Shares in beleaguered e-commerce firm THG rallied today following a difficult two weeks which has seen shares plummet to nearly 84 per cent below their initial flotation price.
THG surged as much 12.5 per cent this afternoon before falling to close 8.25 per cent above their opening price.
The rally follows broker RBC bucking the negativity against the firm yesterday and upgrading it to ‘outperform’, despite a slide that has seen shares fall more 60 per cent in the last three months.
The Manchester-based firm, which runs brands including MyProtein and Cult Beauty, has faced an investor exodus after reporting last week that 2021 profit margins would be squeezed more than expected, and sales would see a slump at the start of this year.
Shares were sent into a further spin on Monday after Citi, one of THG’s brokers, revised its profit forecasts for the year down from £177m to £164m, and it emerged boss Matt Moulding’s mother had rounded on a journalist for not appreciating her son’s achievements
But analysts urged caution over the rally today. Victoria Scholar, head of Investment, interactive investor, told City A.M it “pales into insignificance” when compared to the more than 80% crash in the shares from the September high.
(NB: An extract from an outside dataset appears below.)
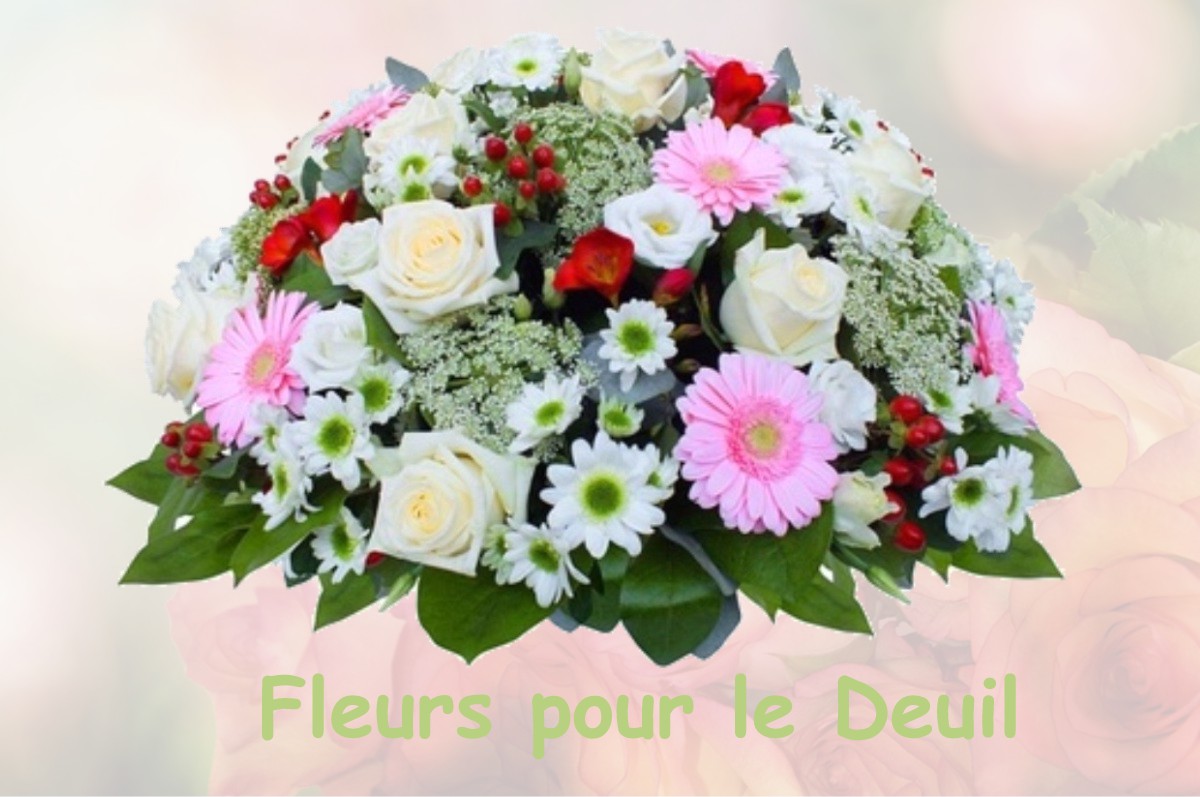 fleurs deuil VILLENEUVE-LA-COMTESSE
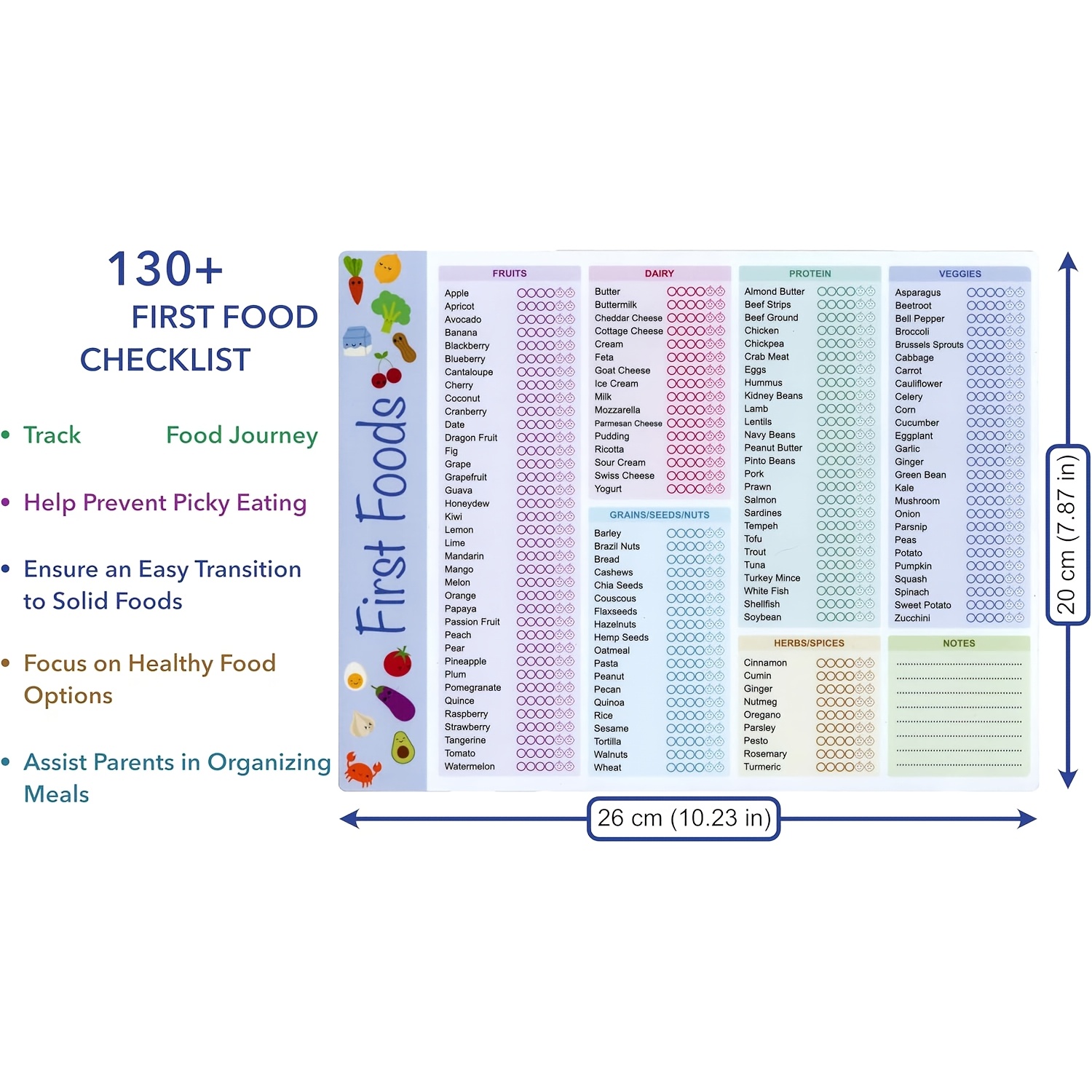 Baby First Foods Tracker, High - Dry Food Baby review and price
She said: “Shares have plummeted from their 52-week high at 762p and are now trading just 11 pence above the 52-week low.
“After a volatile few sessions for markets, a relief rally provided a tailwind for THG today. However yields, inflation and interest rates on the rise, there could be further downside for the shares in the months ahead, particularly if the tech-heavy Nasdaq stateside continues to come under pressure.”